## What the exercise asks:
Look below for the line with "Fototapeta na wymiar" and the line with "11 onyx cross pendants-jade, etc"; repeat exactly those two lines and all lines between them, but no pictures.

## Extracted information:
++++

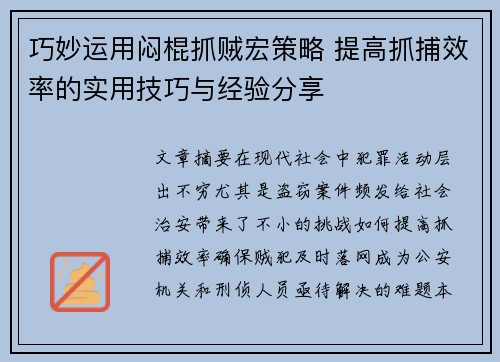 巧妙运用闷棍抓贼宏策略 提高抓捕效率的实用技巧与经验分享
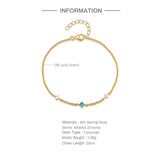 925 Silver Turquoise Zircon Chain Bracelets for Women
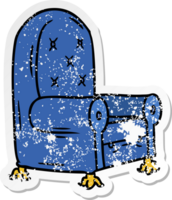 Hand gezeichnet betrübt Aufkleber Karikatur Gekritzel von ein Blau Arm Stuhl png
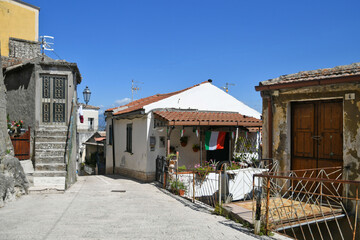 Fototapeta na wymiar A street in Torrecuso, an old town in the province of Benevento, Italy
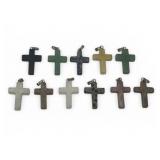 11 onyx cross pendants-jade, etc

++++

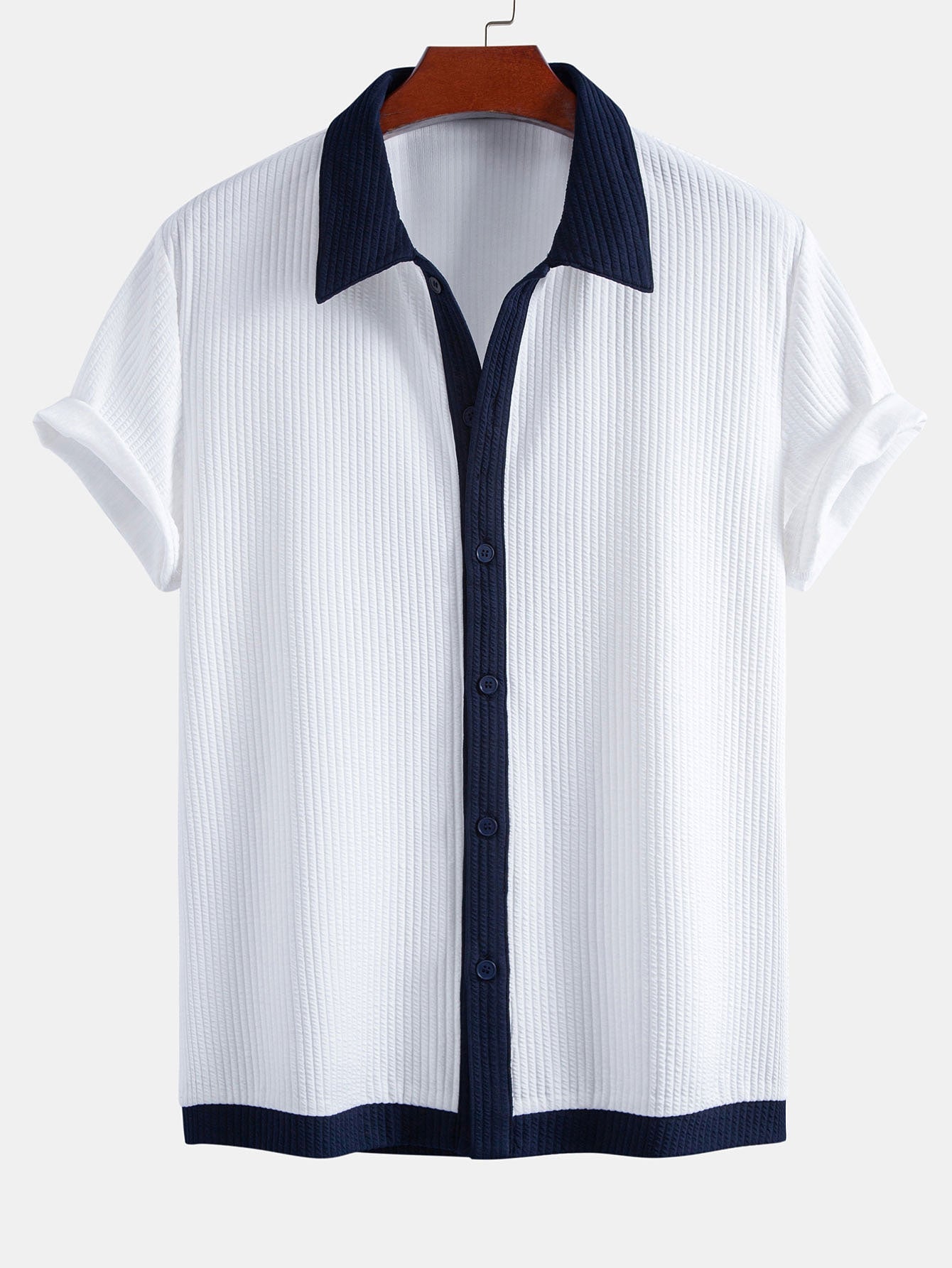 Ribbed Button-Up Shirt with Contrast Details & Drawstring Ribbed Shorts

++++

## Exercise response:
 Fototapeta na wymiar A street in Torrecuso, an old town in the province of Benevento, Italy
 11 onyx cross pendants-jade, etc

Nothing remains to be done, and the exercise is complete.